Stems are sometimes developed into long runners or stolons.  These circumnutate in a conspicuous manner, and are thus aided in passing between and over surrounding obstacles.  But whether the circumnutating movement has been increased for this special purpose is doubtful. [page 559]

We have now to consider circumnutation in a modified form, as the source of several great classes of movement.  The modification may be determined by innate causes, or by external agencies.  Under the first head we see leaves which, when first unfolded, stand in a vertical position, and gradually bend downwards as they grow older.  We see flower-peduncles bending down after the flower has withered, and others rising up; or again, stems with their tips at first bowed downwards, so as to be hooked, afterwards straightening themselves; and many other such cases.  These changes of position, which are due to epinasty or hyponasty, occur at certain periods of the life of the plant, and are independent of any external agency.  They are effected not by a continuous upward or downward movement, but by a succession of small ellipses, or by zigzag lines,—­that is, by a circumnutating movement which is preponderant in some one direction.

Again, climbing plants whilst young circumnutate in the ordinary manner, but as soon as the stem has grown to a certain height, which is different for different species, it elongates rapidly, and now the amplitude of the circumnutating movement is immensely increased, evidently to favour the stem catching hold of a support.  The stem also circumnutates rather more equally to all sides than in the case of non-climbing plants.  This is conspicuously the case with those tendrils which consist of modified leaves, as these sweep wide circles; whilst ordinary leaves usually circumnutate nearly in the same vertical plane.  Flower-peduncles when converted into tendrils have their circumnutating movement in like manner greatly increased.

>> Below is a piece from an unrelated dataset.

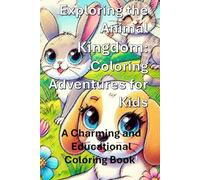 Exploring the Animal Kingdom: Coloring Adventures for Kids: A Charming and Educational Coloring Book!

We now come to our second group of circumnu-[page 560] tating movements—­those modified through external agencies.  The so-called sleep or nyctitropic movements of leaves are determined by the daily alternations of light and darkness.  It is not the darkness which excites them to move, but the difference in the amount of light which they receive during the day and night; for with several species, if the leaves have not been brightly illuminated during the day, they do not sleep at night.  They inherit, however, some tendency to move at the proper periods, independently of any change in the amount of light.  The movements are in some cases extraordinarily complex, but as a full summary has been given in the chapter devoted to this subject, we will here say but little on this head.  Leaves and cotyledons assume their nocturnal position by two means, by the aid of pulvini and without such aid.  In the former case the movement continues as long as the leaf or cotyledon remains in full health; whilst in the latter case it continues only whilst the part is growing.  Cotyledons appear to sleep in a larger proportional number of species than do leaves.  In some species, the leaves sleep and not the cotyledons; in others, the cotyledons and not the leaves; or both may sleep, and yet assume widely different positions at night.